Exercise directions - Would you give the listing again exactly, without its images?

Data below -
====================

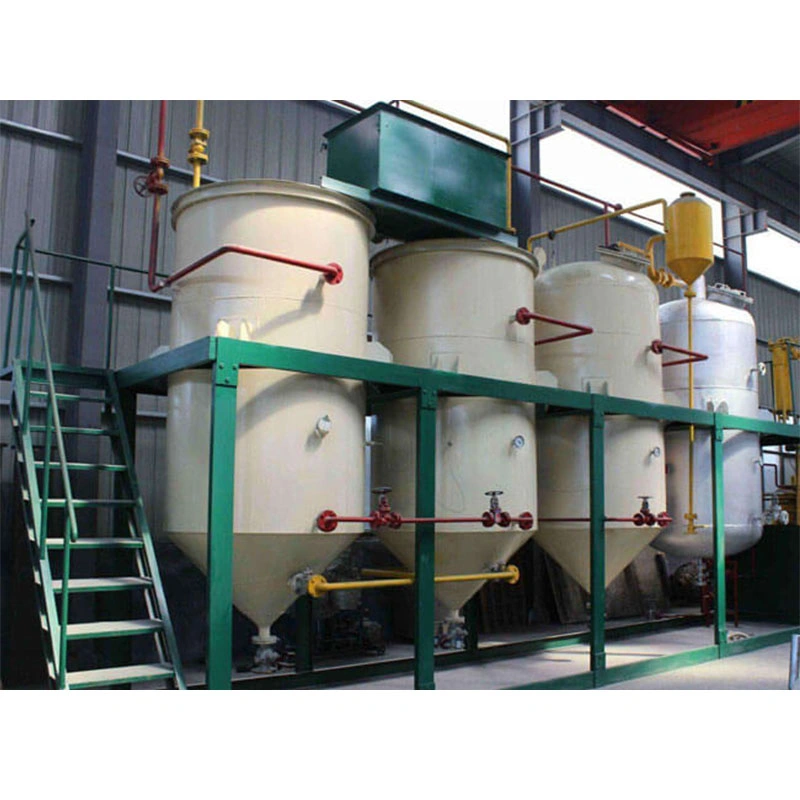 1-5 Ton/D Cooking Oil Refining Machine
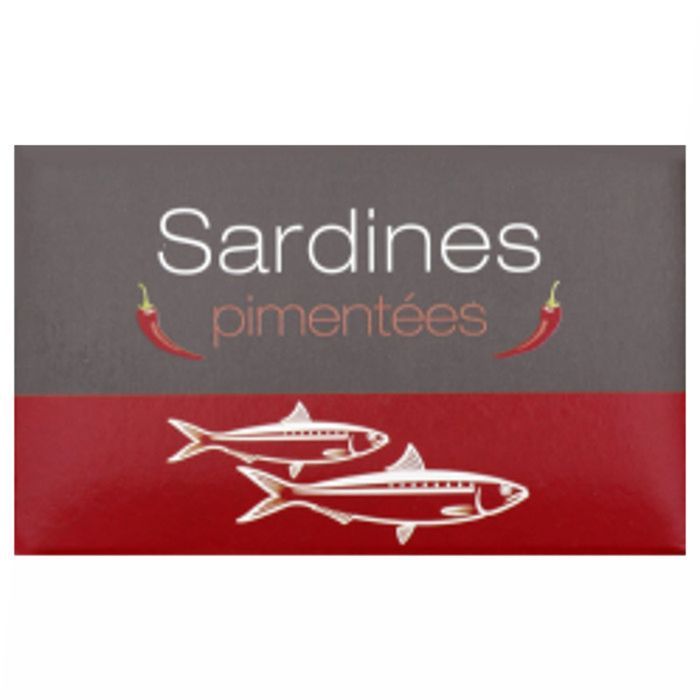 Sardines pimentées Maroc conserve 125g Cdiscount Au quotidien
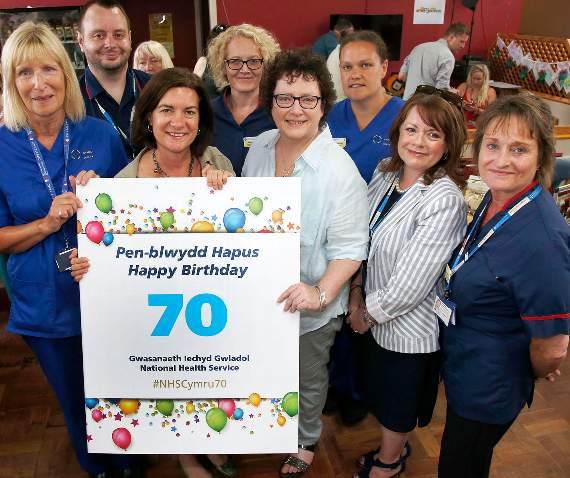 July: The 70th anniversary for the NHS was marked with a celebration party at Bronglais Hospital canteen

====================

Your response -
 1-5 Ton/D Cooking Oil Refining Machine
 Sardines pimentées Maroc conserve 125g Cdiscount Au quotidien
 July: The 70th anniversary for the NHS was marked with a celebration party at Bronglais Hospital canteen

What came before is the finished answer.